*** Begin section ***
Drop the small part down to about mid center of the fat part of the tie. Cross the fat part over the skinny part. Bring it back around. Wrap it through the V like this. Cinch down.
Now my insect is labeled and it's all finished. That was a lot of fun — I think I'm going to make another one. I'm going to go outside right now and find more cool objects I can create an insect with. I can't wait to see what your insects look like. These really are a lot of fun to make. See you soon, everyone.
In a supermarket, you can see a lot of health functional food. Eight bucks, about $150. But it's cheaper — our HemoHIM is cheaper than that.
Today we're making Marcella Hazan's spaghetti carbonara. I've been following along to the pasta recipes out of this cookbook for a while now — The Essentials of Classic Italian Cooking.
*** End section ***
*** Begin section ***
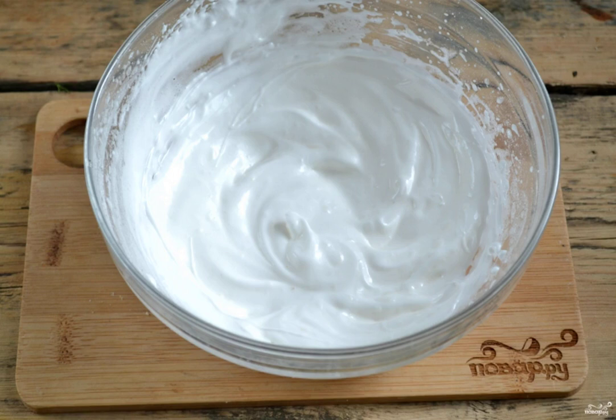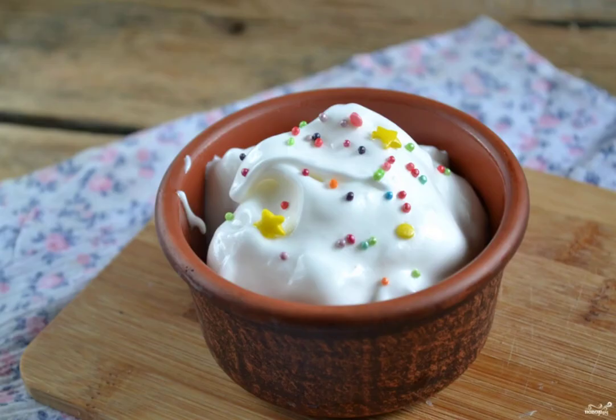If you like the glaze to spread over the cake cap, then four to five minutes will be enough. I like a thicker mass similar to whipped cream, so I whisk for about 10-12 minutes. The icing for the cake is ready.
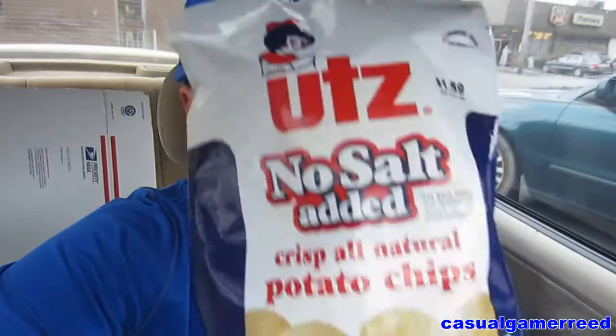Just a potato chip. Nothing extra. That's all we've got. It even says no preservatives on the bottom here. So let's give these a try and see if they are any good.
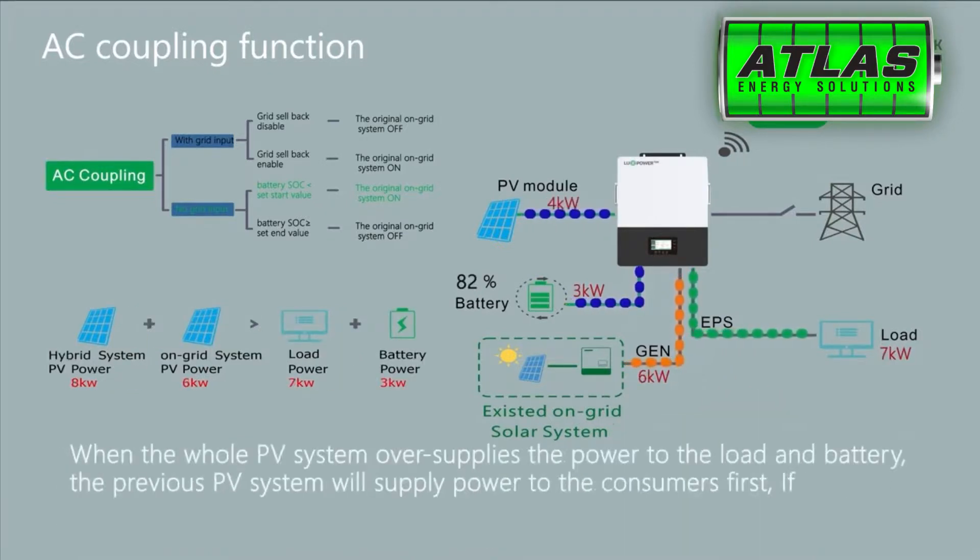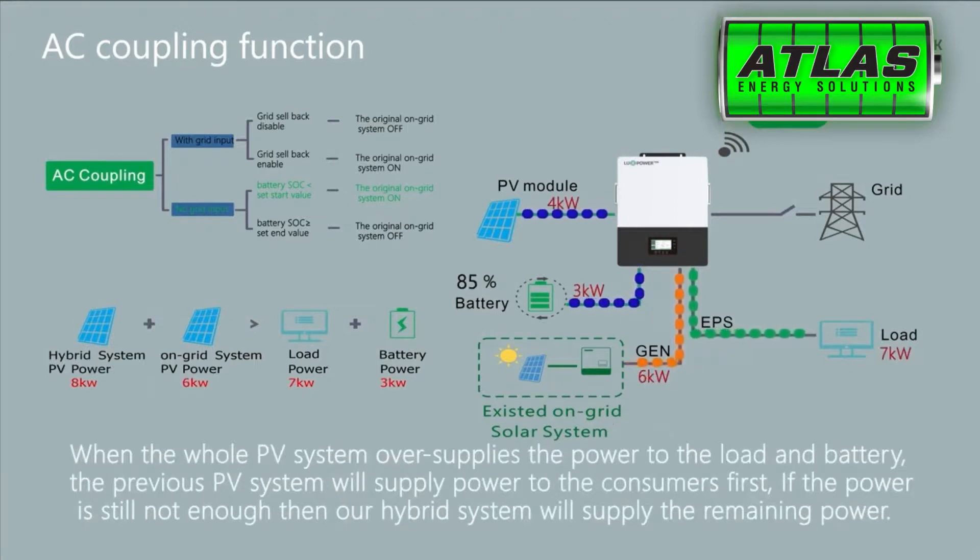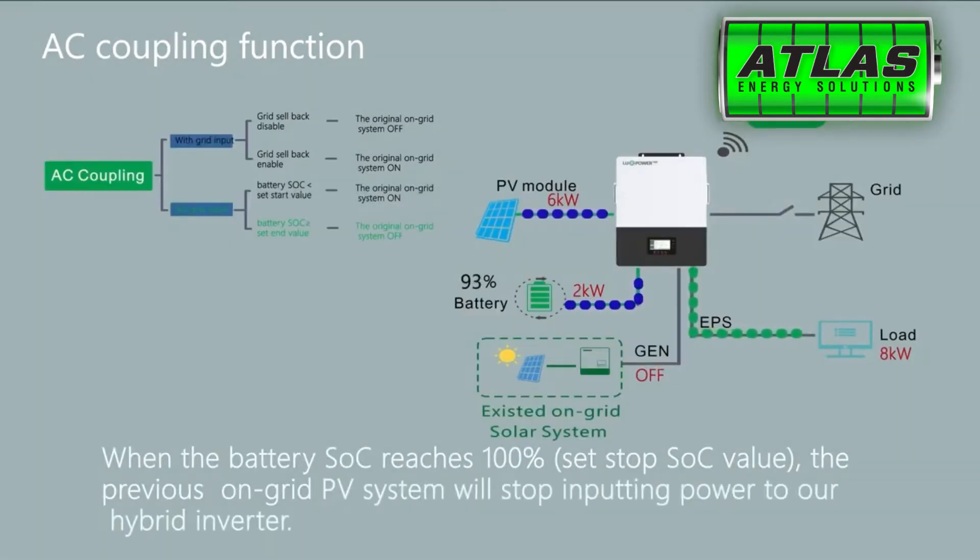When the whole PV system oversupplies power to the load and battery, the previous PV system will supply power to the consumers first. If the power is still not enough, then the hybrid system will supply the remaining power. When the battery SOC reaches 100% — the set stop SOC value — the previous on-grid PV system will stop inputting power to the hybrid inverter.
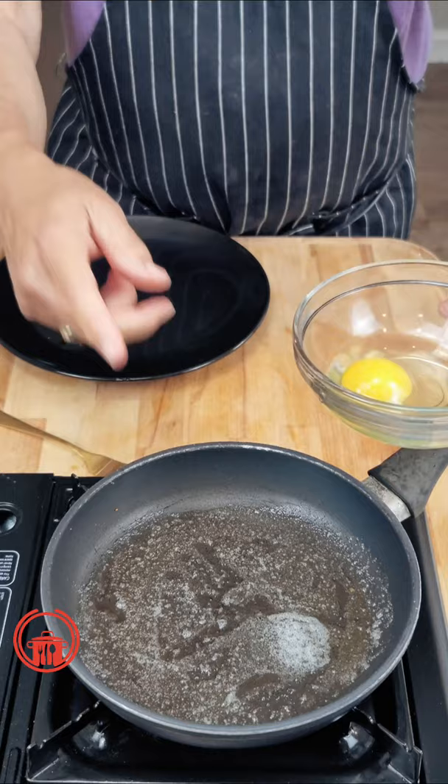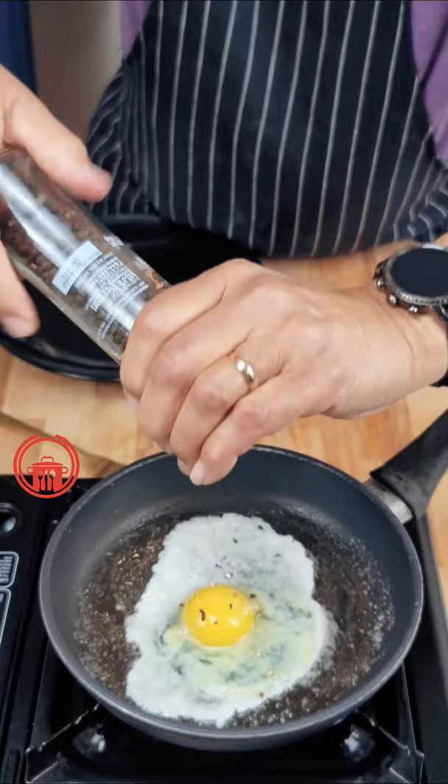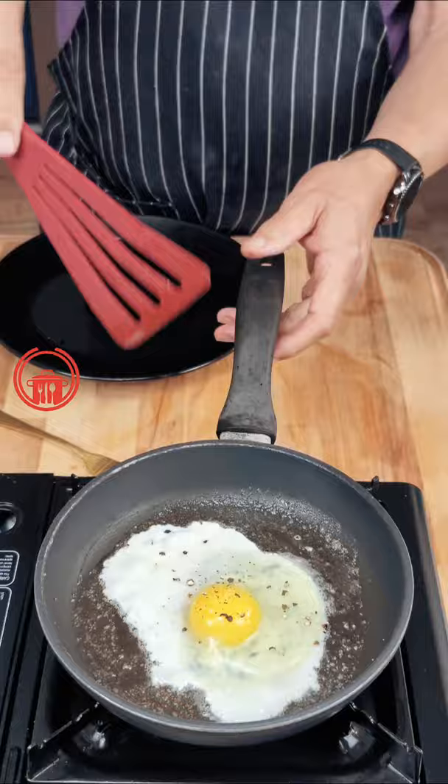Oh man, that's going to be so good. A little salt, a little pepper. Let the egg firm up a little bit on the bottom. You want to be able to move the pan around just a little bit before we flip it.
*** End section ***
▶ [Work request] Please reproduce exactly the lines in the listing above from the one containing "Drop the small" through the one containing "Today we're making", both included, and nothing more.

▶ [Exercise output]
Drop the small part down to about mid center of the fat part of the tie. Cross the fat part over the skinny part. Bring it back around. Wrap it through the V like this. Cinch down.
Now my insect is labeled and it's all finished. That was a lot of fun — I think I'm going to make another one. I'm going to go outside right now and find more cool objects I can create an insect with. I can't wait to see what your insects look like. These really are a lot of fun to make. See you soon, everyone.
In a supermarket, you can see a lot of health functional food. Eight bucks, about $150. But it's cheaper — our HemoHIM is cheaper than that.
Today we're making Marcella Hazan's spaghetti carbonara. I've been following along to the pasta recipes out of this cookbook for a while now — The Essentials of Classic Italian Cooking.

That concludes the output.